• _INFORMATION PROVIDED_:
*** Block opens ***

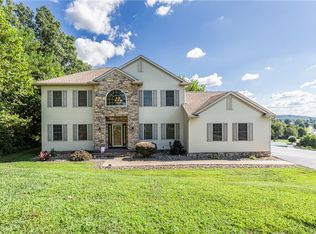 130 Gault School Rd, Connellsville, PA 15425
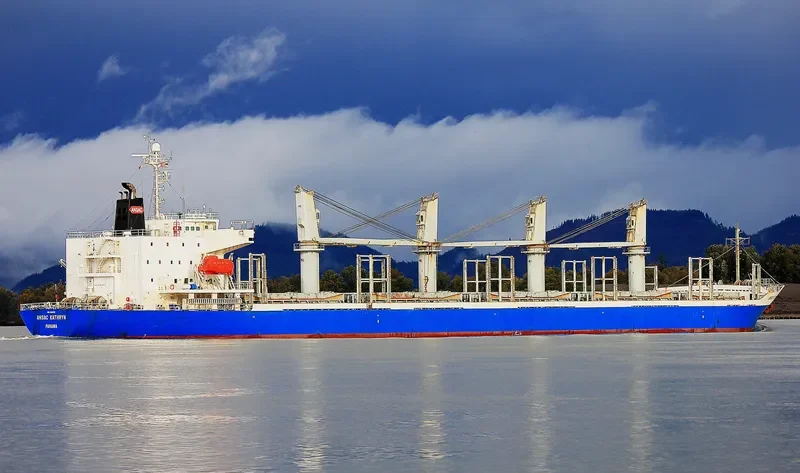 AC KATHRYN Bulk Carrier IMO 9310745 photo 3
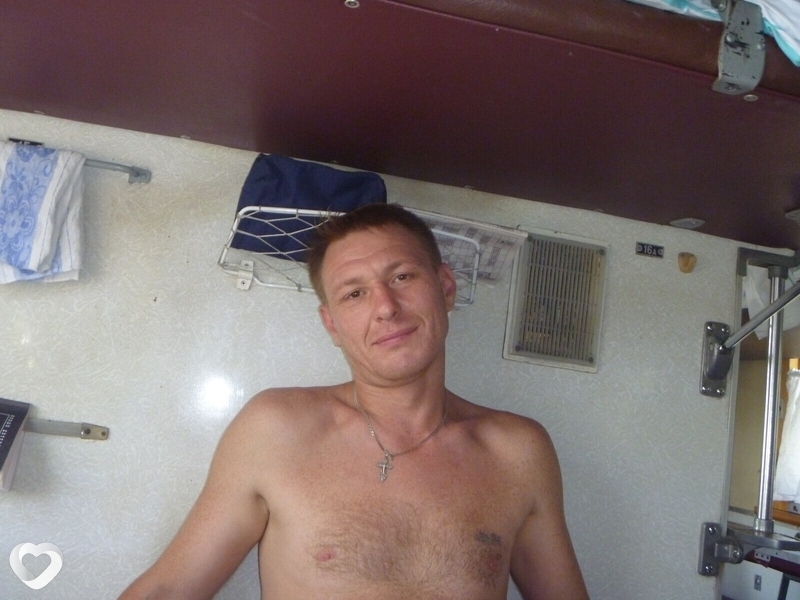 Сергей, 53, Нижнем Тагиле — анкета №1131757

*** Block closes ***

• _WHAT THE TASK REQUIRES_: The full listing must come back exactly as written, with its pictures left out.

• _OUTPUT OF THE TASK_:
 130 Gault School Rd, Connellsville, PA 15425
 AC KATHRYN Bulk Carrier IMO 9310745 photo 3
 Сергей, 53, Нижнем Тагиле — анкета №1131757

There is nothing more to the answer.